Microsoft Visual Studio 2017 Supports Intel® AVX-512

For this post we welcome John Morgan from Intel Corporation as guest author on the Visual Studio Blog. John has been with Intel for nine years, but his contributions to the Microsoft compiler stretch back through two decades and three other companies. He gratefully acknowledges help with this post from others at Intel and Microsoft.

This post explores Intel® Advanced Vector Extensions 512 (Intel AVX-512), and how they are supported in Microsoft Visual Studio 2017, particularly in Microsoft Visual C++, Microsoft Macro Assembler (MASM), and the Microsoft Visual Studio IDE debugger, along with typical applications for vector calculations, such as artificial intelligence/machine learning, multimedia encoding and decoding, and high-performance computing workloads like simulation, and climate/weather modeling.

Introduction

Both Microsoft and Intel® are in the business of change. By changing what computers can do, we change what people can do with computers, and that changes people’s lives. An important part of that change is the ability to handle bigger calculations to gain more actionable insights than ever before, so tasks like intelligent data retrieval and autonomous driving are science, and not just science fiction. To meet the demand for more data computation Intel introduced the Intel AVX-512 family of instructions, which are available in the new generation of Intel® Xeon® processors and some of the new Intel® Core™ X-series desktop processors, as well as current Intel® Xeon Phi™ processors.
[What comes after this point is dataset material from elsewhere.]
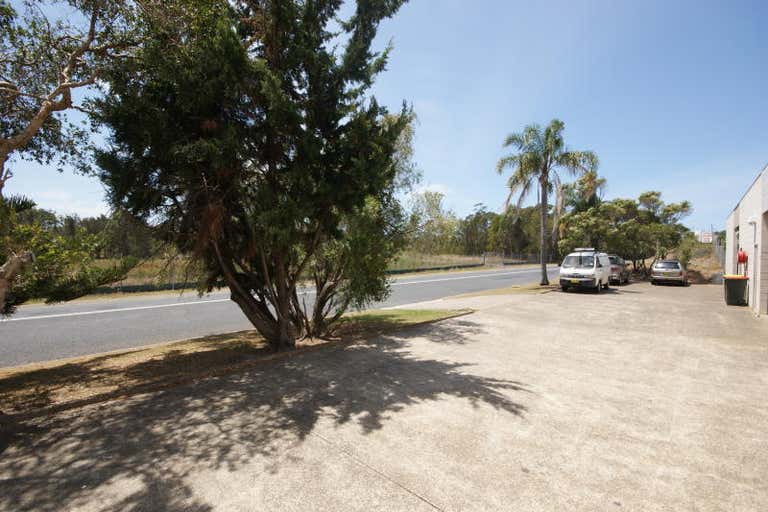 Unit 1/36 Hulberts Road Toormina NSW 2452 - Image 3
Microsoft Visual Studio 2017 supports Intel AVX-512, and with Visual Studio 2017 version 15.3 we’re enhancing that support to include more Intel AVX-512 instructions than ever before.

Vector Computation

Intel AVX-512 raises the bar for vector computing. Like the Intel Advanced Vector Extension (Intel AVX) instruction set extension that preceded it, Intel AVX-512 allows a single instruction to perform a calculation on multiple values at once, and, as the name implies, it extends this capability up to 512 bits at a time. However, this is not all it does. New features make it easy to perform calculations that were not practical before. Masking lets you vectorize conditional code, embedded broadcast lets you use scalar values directly in calculations, embedded rounding control lets you control rounding or exceptions on a particular instruction without having to alter the control register, and new instructions perform calculations that might have taken dozens of instructions before. These new and enhanced capabilities are important for workloads like machine learning (artificial intelligence) as well as audio and video compression, and classic HPC workloads like simulation.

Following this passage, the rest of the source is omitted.